Flight Path of the UFO

The 8, whose testimonies are shown in this report point to a flight path of a large triangular shaped object that crossed the coast from Lake Michigan just North of Chicago, Illinois, arriving from the northeast and heading southwest at 10:00-10:30 p.m. on the night of January 4, 2000. The majority of the eye-witnesses reported that the object was approximately 80-100 yards long, it was flying at between 1000' and 2000' altitude. The object was displaying extremely bright lights and was flying slowly, estimates at half the speed of a C-5 coming into land.

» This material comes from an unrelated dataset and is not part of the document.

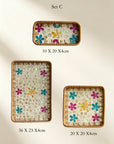 Handmade Rattan & Mother‑of‑Pearl Tray Set – Nesting Serving Trays (3pcs) | Lian Collection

The object was first sighted by a businessman just North of Chicago, IL at between 10:00-10:30 p.m. on the night of January 4, 2000. The next sighting placed it just north east of Highland, IL approximately 6 hours later, at 4:00 a.m. on January 5, 2000, on the same flight path, still coming from the Northeast and heading southwest. The craft was then observed at Lebanon and Shiloh, IL and it may have changed its course, heading briefly northwest and then resuming its southwesterly course. The change in course may possibly have been designed to avoid Scott Air Force base, but this is speculation. It was then sighted at Millstadt still at very low altitude at about 4:30 a.m. on the morning of January 5. Almost immediately southwest of Millstadt, it suddenly gained altitude to about 10,000' altitude, and was sighted at 10,000' by the police officer at Dupo. It turned north and then briefly east, still at approximately 10,000'. It was sighted within a few miles of Dupo at 6:50 a.m., still at about 10,000' by a school teacher on his way to work. Unusually, the craft may have remained in the Dupo area for about 2 hours.

Therefore, the eye witness testimony suggests that the total flight time of the object was just under 9 hours, originally sighted coming in from Lake Michigan and last seen a few miles from Dupo, IL. The evidence suggests that this flight time may be longer, that it traveled extremely slowly for an aircraft for most of that time. Further, the evidence suggests that the craft was making no attempt to be stealthy. All 8 described the lights as very bright to blinding. It flew at altitudes ranging from about 1000' to 2000' for much of its flight path, but rapidly gained altitude somewhere Southwest of Millstadt, gaining at least 9,000' in minutes.